Quelques heures plus tard, on descendait le grand lit à barreaux de Lou et son attirail où j’ai rencontré ce courageux médecin. J’avais autant de questions sur l’intervention qu’il a prit de temps pour me répondre. Lou avait passé la batterie de tests nécessaires pour mieux se préparer au pire. C’était l’heure pour lui de procéder. Il suffisait d’attendre quelques minutes dans la petite pièce vide, tout près de la salle d’opération. Il fallait d’abord procéder à la sédation de Lou (comme s’il n’en avait pas suffisamment dans le corps!) et réaliser l’intervention. Plusieurs minutes se sont écoulées, cédant mon esprit à son vertige. Je me suis retournée vers ma précieuse :
- «Flo, je ne sais pas pourquoi on fait ça.»
- «On fait quoi?»
- «La ponction. Ça ne sert à rien, à part mettre Lou sur le carreau pendant des jours.»
- «Marjo, ce n’est pas comme si on avait le choix. Juste d’affaiblir les collections, ça aidera peut-être. On peut juste attendre de voir comment ça s’est passé.»

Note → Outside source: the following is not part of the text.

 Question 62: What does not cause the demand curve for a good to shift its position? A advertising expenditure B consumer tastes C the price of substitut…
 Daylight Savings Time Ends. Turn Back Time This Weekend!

Elle avait raison. C’était ça, le but aussi. De brasser les cailloux pour laisser l’antibiotique pénétrer les collections et détruire l’infection en coque. J’avais besoin qu’on me le rappelle. Comme tout le reste d'ailleurs. Par nos mémoires émoussées par l’inquiétude, nos familles ont été le bras droit de nos cerveaux.

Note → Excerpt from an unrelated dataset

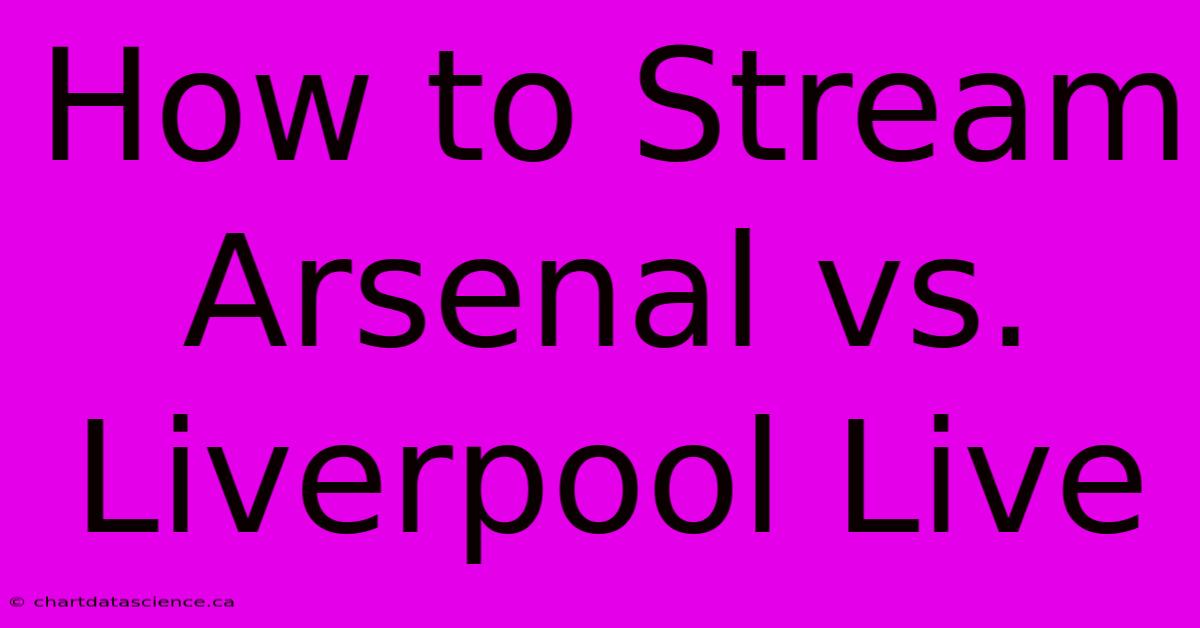 How To Stream Arsenal Vs. Liverpool Live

En voyant les yeux du médecin après la chirurgie, c’était 2-0 pour Flo : il était calme et semblait satisfait. Le foie, la rate - intacts. Aucun accrochage, ce n’était inestimable. Après tant de jours à attendre leur remise en fonction, merci, merci pour la minutie. Il m’a dit : «Sachez que si jamais on avait besoin de retourner en angio, Lou serait capable. Il est capable d’en prendre.» C’était encourageant au goût amer, je dirais. Quelques heures plus tôt, on a pensé qu’il était la solution à notre tempête. Durant l’intervention, j’ai douté qu’un trou minuscule pour siphonner une longiligne infectieuse puisse être efficace. Et quelques heures plus tard, correspondant au diagnostic émis à la sortie, on comprenait que les résultats ne rencontraient pas les attentes des médecins. Encore. L’équipe avait réussi à retirer une quantité raisonnable de liquide infectieux, mais sans plus. Lou devrait faire le reste du travail pour éliminer les collections, à l’aide des antibiotiques déjà puissants.
Et j’avais eu raison. Ce sont deux jours post-chirurgie qui nous attendaient. Un petit bébé plus affaibli, trop chaud, avec le cœur qui battait aussi vite que le mien. Comme on avait joué dans la maladie, son indice infectieux a aussi grimpé dans les jours qui ont suivis.
Mais honnêtement, on s’encourageait grâce à notre entourage de rêve. On se disait qu’il fallait lui laisser du temps, qu’on n’aurait pas fait mieux dans une course de trois interventions chirurgicales en 2 semaines. Que la ligne d’arrivée serait pour bientôt et qu’on contemplerait le soleil à nouveau. Et surtout, que visiblement, on avait fabriqué un guerrier.
* Quand les enfants sont intubés, ils ne peuvent émettre aucun son. Le tube alimenté à une machine qui fait son chemin jusqu’aux poumons et qui leur permet de respirer passe entre les cordes vocales. Et tout le monde (lire ici belle Fanny, devenue médecin-chirurgien) se rappelle que les cordes vocales doivent se toucher pour créer une vibration et créer un son, ou dans mon cas, une musique.